EXERCISE BRIEF:
Each line from the one that contains "Vertical Aquaponics and Hydroponic" to the end of the entries must be copied word for word, and only those lines.

RECORDS TO USE:
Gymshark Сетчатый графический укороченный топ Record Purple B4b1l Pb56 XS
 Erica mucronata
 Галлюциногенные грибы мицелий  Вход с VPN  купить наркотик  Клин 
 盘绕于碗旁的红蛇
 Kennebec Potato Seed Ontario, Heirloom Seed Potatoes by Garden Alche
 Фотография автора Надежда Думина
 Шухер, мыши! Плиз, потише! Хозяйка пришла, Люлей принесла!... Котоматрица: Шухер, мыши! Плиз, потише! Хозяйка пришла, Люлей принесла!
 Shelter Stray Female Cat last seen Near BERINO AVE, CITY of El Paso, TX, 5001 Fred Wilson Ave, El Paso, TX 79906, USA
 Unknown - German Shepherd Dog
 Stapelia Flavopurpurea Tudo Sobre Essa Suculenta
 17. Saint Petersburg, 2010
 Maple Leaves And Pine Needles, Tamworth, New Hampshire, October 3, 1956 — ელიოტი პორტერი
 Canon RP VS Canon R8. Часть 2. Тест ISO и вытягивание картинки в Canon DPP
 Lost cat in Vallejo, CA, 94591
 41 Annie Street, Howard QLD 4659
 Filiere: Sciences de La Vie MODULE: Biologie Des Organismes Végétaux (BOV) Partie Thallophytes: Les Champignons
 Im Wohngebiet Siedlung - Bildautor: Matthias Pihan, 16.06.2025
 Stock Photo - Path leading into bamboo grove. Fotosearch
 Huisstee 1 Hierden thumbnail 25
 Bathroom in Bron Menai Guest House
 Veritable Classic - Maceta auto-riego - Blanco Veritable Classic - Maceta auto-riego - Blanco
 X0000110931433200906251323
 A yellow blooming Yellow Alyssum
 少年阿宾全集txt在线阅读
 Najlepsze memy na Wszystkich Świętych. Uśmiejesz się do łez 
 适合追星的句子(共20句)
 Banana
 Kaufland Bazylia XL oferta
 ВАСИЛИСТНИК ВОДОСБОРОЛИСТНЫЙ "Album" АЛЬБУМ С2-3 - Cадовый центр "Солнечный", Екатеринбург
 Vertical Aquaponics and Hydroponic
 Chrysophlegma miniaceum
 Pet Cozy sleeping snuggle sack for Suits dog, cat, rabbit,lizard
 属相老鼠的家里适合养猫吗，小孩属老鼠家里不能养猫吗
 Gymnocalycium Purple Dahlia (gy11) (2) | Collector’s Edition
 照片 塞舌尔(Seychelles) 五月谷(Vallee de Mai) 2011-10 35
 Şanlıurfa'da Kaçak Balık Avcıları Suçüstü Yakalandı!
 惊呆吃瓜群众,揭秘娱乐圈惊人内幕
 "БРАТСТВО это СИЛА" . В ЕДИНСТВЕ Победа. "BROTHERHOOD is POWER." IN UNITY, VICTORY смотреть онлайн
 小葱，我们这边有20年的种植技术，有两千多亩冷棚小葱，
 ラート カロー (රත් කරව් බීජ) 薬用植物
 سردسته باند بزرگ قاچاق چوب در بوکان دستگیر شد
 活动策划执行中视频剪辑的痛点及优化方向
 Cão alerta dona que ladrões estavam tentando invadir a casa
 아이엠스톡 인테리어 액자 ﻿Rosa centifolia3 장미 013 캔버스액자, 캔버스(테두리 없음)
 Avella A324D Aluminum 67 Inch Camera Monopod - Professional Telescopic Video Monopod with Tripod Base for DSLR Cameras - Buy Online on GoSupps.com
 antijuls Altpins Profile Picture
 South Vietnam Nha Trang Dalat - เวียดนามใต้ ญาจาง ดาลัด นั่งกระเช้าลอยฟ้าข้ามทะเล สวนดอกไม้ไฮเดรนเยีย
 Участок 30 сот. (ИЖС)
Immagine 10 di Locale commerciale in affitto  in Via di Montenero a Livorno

EXERCISE RESPONSE:
 Vertical Aquaponics and Hydroponic
 Chrysophlegma miniaceum
 Pet Cozy sleeping snuggle sack for Suits dog, cat, rabbit,lizard
 属相老鼠的家里适合养猫吗，小孩属老鼠家里不能养猫吗
 Gymnocalycium Purple Dahlia (gy11) (2) | Collector’s Edition
 照片 塞舌尔(Seychelles) 五月谷(Vallee de Mai) 2011-10 35
 Şanlıurfa'da Kaçak Balık Avcıları Suçüstü Yakalandı!
 惊呆吃瓜群众,揭秘娱乐圈惊人内幕
 "БРАТСТВО это СИЛА" . В ЕДИНСТВЕ Победа. "BROTHERHOOD is POWER." IN UNITY, VICTORY смотреть онлайн
 小葱，我们这边有20年的种植技术，有两千多亩冷棚小葱，
 ラート カロー (රත් කරව් බීජ) 薬用植物
 سردسته باند بزرگ قاچاق چوب در بوکان دستگیر شد
 活动策划执行中视频剪辑的痛点及优化方向
 Cão alerta dona que ladrões estavam tentando invadir a casa
 아이엠스톡 인테리어 액자 ﻿Rosa centifolia3 장미 013 캔버스액자, 캔버스(테두리 없음)
 Avella A324D Aluminum 67 Inch Camera Monopod - Professional Telescopic Video Monopod with Tripod Base for DSLR Cameras - Buy Online on GoSupps.com
 antijuls Altpins Profile Picture
 South Vietnam Nha Trang Dalat - เวียดนามใต้ ญาจาง ดาลัด นั่งกระเช้าลอยฟ้าข้ามทะเล สวนดอกไม้ไฮเดรนเยีย
 Участок 30 сот. (ИЖС)
Immagine 10 di Locale commerciale in affitto  in Via di Montenero a Livorno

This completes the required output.